* Source material
<<<<

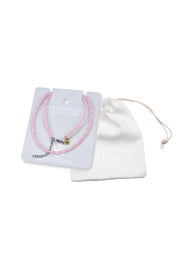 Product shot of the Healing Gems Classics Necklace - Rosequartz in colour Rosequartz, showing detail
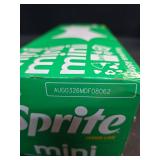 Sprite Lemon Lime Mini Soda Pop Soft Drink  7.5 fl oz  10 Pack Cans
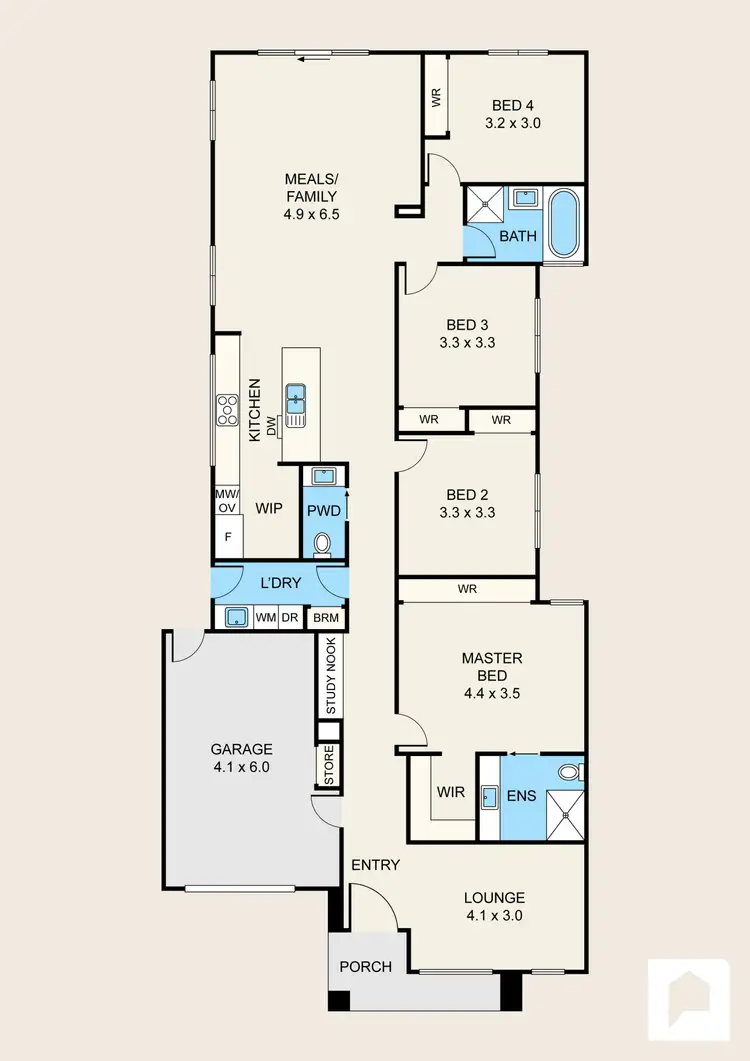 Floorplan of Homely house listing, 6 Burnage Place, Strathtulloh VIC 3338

>>>>
<<<<

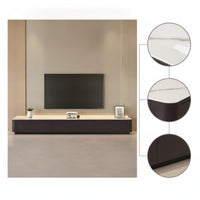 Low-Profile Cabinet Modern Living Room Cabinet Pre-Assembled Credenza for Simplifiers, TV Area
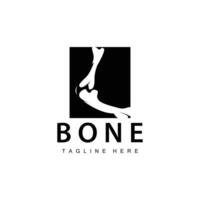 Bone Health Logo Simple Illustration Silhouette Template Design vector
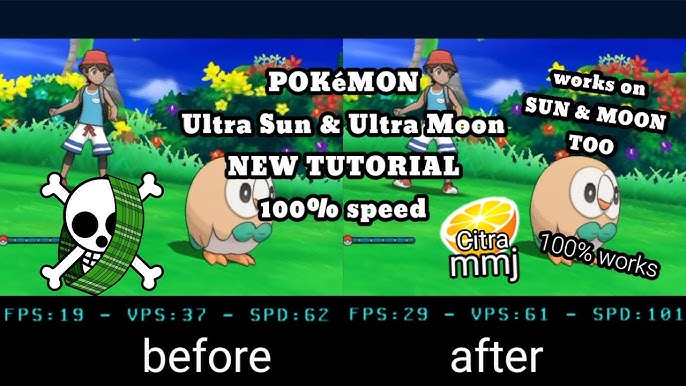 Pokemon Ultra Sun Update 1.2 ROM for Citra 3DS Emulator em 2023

>>>>

* Prompt
Skipping every picture, transcribe exactly the lines above from the one containing "Product shot of" through the one containing "Floorplan of Homely", both included.

* Answer to this problem
 Product shot of the Healing Gems Classics Necklace - Rosequartz in colour Rosequartz, showing detail
 Sprite Lemon Lime Mini Soda Pop Soft Drink  7.5 fl oz  10 Pack Cans
 Floorplan of Homely house listing, 6 Burnage Place, Strathtulloh VIC 3338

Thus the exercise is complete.